You see how this goes? Our code is getting huge because we have to explicitly allocate all the temporary storage that would normally by convention just go on the stack. Worse, our opcodes themselves are all getting enormous because they all now have to take as an argument the address that they're going to write their result into, and the address of each operand. An "add" instruction that knows that it is going to take two things off the stack and put one thing on can be a single byte. An add instruction that takes two operand addresses and a result address is going to be enormous.
We use stack-based opcodes because stacks solve the common problem. Namely: I want to allocate some temporary storage, use it very soon and then get rid of it quickly when I'm done. By making the assumption that we have a stack at our disposal we can make the opcodes very small and the code very terse.

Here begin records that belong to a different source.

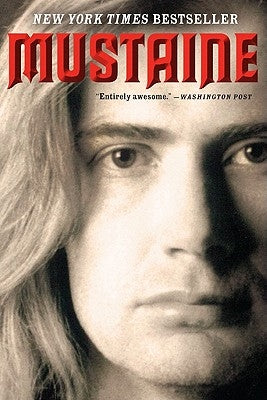 Mustaine: A Heavy Metal Memoir by Mustaine, Dave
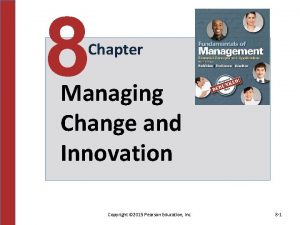 8 Chapter Managing Change and Innovation Copyright 2015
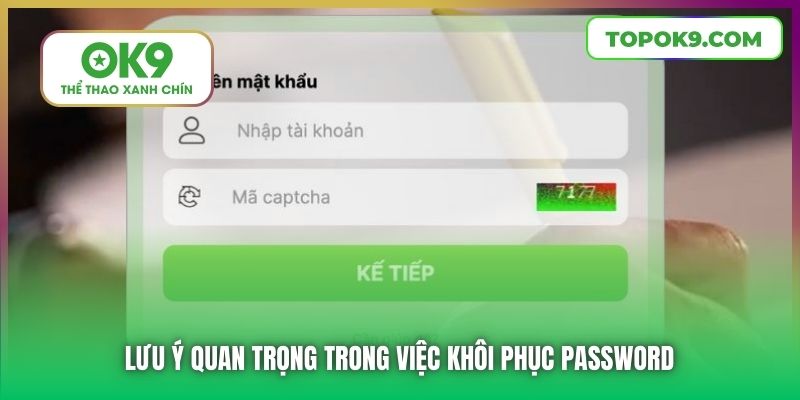 Lưu ý quan trọng trong việc khôi phục password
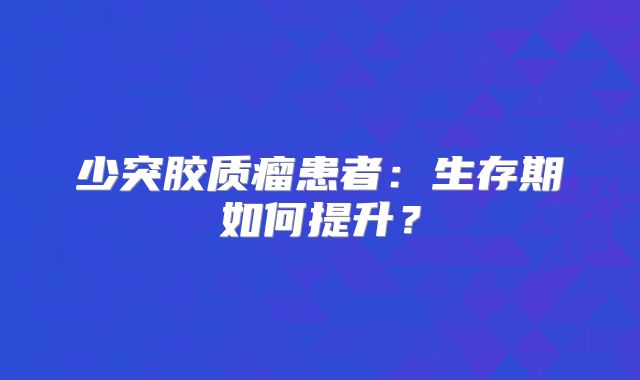 少突胶质瘤患者：生存期如何提升？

UPDATE: Some additional thoughts
Incidentally, this idea of drastically lowering costs by (1) specifing a virtual machine, (2) writing compilers that target the VM language, and (3) writing implementations of the VM on a variety of hardware, is not a new idea at all. It did not originate with MSIL, LLVM, Java bytecode, or any other modern infrastructures. The earliest implementation of this strategy I'm aware of is the pcode machine from 1966.
The first I personally heard of this concept was when I learned how the Infocom implementors managed to get Zork running on so many different machines so well. They specified a virtual machine called the Z-machine and then made Z-machine emulators for all the hardware they wanted to run their games on. This had the added enormous benefit that they could implement virtual memory management on primitive 8-bit systems; a game could be larger than would fit into memory because they could just page the code in from disk when they needed it and discard it when they needed to load new code.